* What is needed *
Pictures are not part of the copy; reproduce the remaining data exactly.

* Data shown *
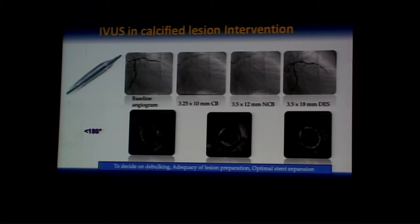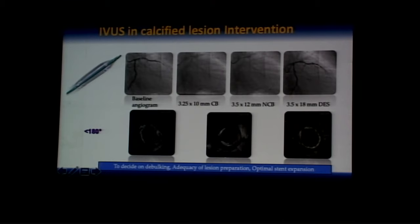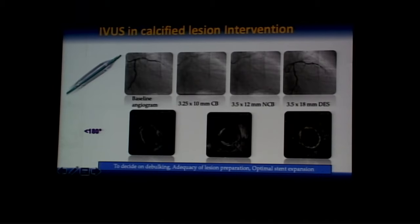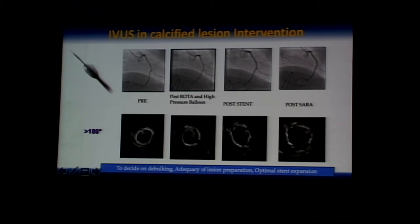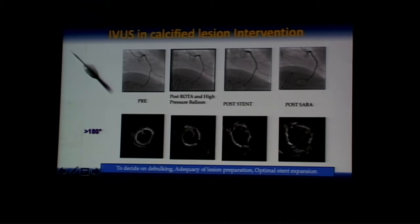For calcified lesion interventions, IVUS helps in three areas. First, selecting a debulking strategy based on calcium arc: less than 180 degrees calls for a balloon-based strategy; more than 180 degrees requires an atherectomy strategy. Once the strategy is decided, IVUS confirms calcium fracture or dissection, predicting good stent expansion. For example, a 360-degree calcium lesion resistant to balloon dilatation — after atherectomy, balloon dilatation induced a fracture, allowing full stent expansion. IVUS then helps optimize the final stent result.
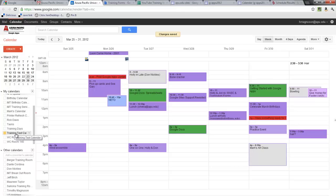So it's that simple and easy to create a second calendar and share it with co-workers, friends, or whoever you need to. If you have any questions please contact training at apu.edu.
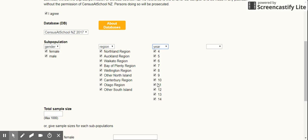I want data on males and females. Yep. Would you like to get data on the whole country? It's your choice. If you want to just choose North Island, so you're going to know your North Island regions, all right? Correct me if I'm wrong - is North Island Northland, Auckland, Waikato, Bay of Plenty, Wellington, Other Northland?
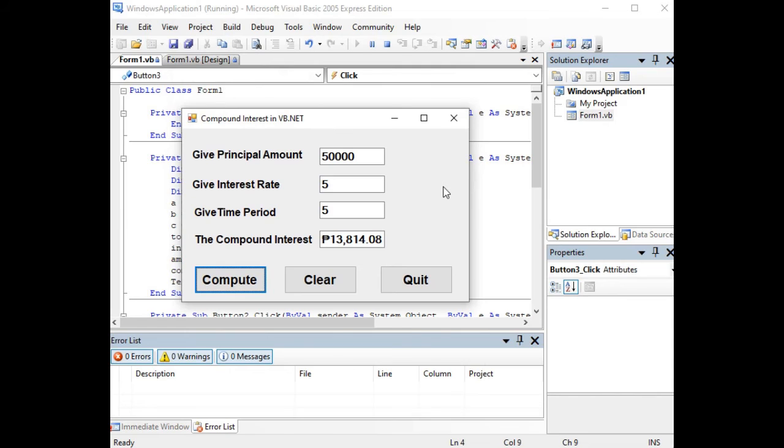This tutorial was on how to create compound interest calculator in VB.NET or Visual Basic .NET using Visual Studio 2005 Express Edition, which is also compatible with the present version of Visual Studio.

* Your response *
For calcified lesion interventions, IVUS helps in three areas. First, selecting a debulking strategy based on calcium arc: less than 180 degrees calls for a balloon-based strategy; more than 180 degrees requires an atherectomy strategy. Once the strategy is decided, IVUS confirms calcium fracture or dissection, predicting good stent expansion. For example, a 360-degree calcium lesion resistant to balloon dilatation — after atherectomy, balloon dilatation induced a fracture, allowing full stent expansion. IVUS then helps optimize the final stent result.
So it's that simple and easy to create a second calendar and share it with co-workers, friends, or whoever you need to. If you have any questions please contact training at apu.edu.
I want data on males and females. Yep. Would you like to get data on the whole country? It's your choice. If you want to just choose North Island, so you're going to know your North Island regions, all right? Correct me if I'm wrong - is North Island Northland, Auckland, Waikato, Bay of Plenty, Wellington, Other Northland?
This tutorial was on how to create compound interest calculator in VB.NET or Visual Basic .NET using Visual Studio 2005 Express Edition, which is also compatible with the present version of Visual Studio.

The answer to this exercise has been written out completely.